What is tar-stream?
The tar-stream npm package is a streaming tar parser and generator, which allows users to read and write tar archives in a streaming fashion. This means that you can process tar files without having to load the entire file into memory, which is useful for handling large files or for streaming applications.
What are tar-stream's main functionalities?
Extracting a tar archive
This feature allows you to extract files from a tar archive. The 'entry' event is emitted for each file in the archive, providing the file header and a stream for the file content.
const extract = require('tar-stream').extract;
const fs = require('fs');
let extractor = extract();
extractor.on('entry', (header, stream, next) => {
// header is the tar header
// stream is the content body (might be an empty stream)
// call next when you are done with this entry
stream.on('end', () => next());
stream.resume(); // just auto drain the stream
});
fs.createReadStream('archive.tar').pipe(extractor);
Creating a tar archive
This feature allows you to create a tar archive. You can add entries to the archive with the 'entry' method, and then finalize the archive when you are done.
const pack = require('tar-stream').pack;
const fs = require('fs');
let packer = pack();
// add a file called my-test.txt with the content 'Hello World!'
packer.entry({ name: 'my-test.txt' }, 'Hello World!', (err) => {
if (err) throw err;
packer.finalize(); // finalize the archive when you are done
});
// pipe the pack stream somewhere, like to a file
packer.pipe(fs.createWriteStream('my-tarball.tar'));
Other packages similar to tar-stream
archiver
Archiver is a high-level streaming archive library that supports creating TAR and ZIP archives. It provides more abstraction than tar-stream and includes additional features like appending files from streams, buffers, or directories, and setting global archive options.
tar-fs
tar-fs is a Node.js module that provides filesystem bindings for tar-stream. It allows you to pack directories into tarballs and extract tarballs into directories using a file system interface, making it a bit more convenient for certain use cases compared to the lower-level tar-stream.
tar
The 'tar' package is a full-featured Tar for Node.js, which includes utilities for creating, manipulating, and extracting tar archives. It's a higher-level package compared to tar-stream and includes features like gzip compression and decompression.
tar-stream
tar-stream is a streaming tar parser and generator and nothing else. It operates purely using streams which means you can easily extract/parse tarballs without ever hitting the file system.

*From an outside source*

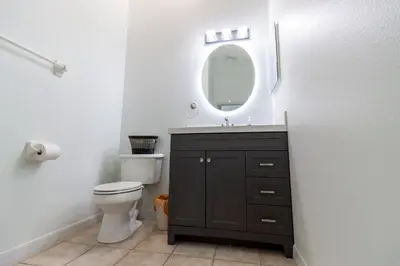 a bathroom with a sink and a toilet and a mirror at Gorgeous Fully Furnished 2-Bedroom Luxury Villa in Kissimmee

Note that you still need to gunzip your data if you have a .tar.gz
. We recommend using gunzip-maybe in conjunction with this.
npm install tar-stream
Usage
tar-stream exposes two streams, pack which creates tarballs and extract which extracts tarballs. To modify an existing tarball use both.
It implementes USTAR with additional support for pax extended headers. It should be compatible with all popular tar distributions out there (gnutar, bsdtar etc)
Related
If you want to pack/unpack directories on the file system check out tar-fs which provides file system bindings to this module.
Packing
To create a pack stream use tar.pack()
and call pack.entry(header, [callback])
to add tar entries.
const tar = require('tar-stream')
const pack = tar.pack()
pack.entry({ name: 'my-test.txt' }, 'Hello World!')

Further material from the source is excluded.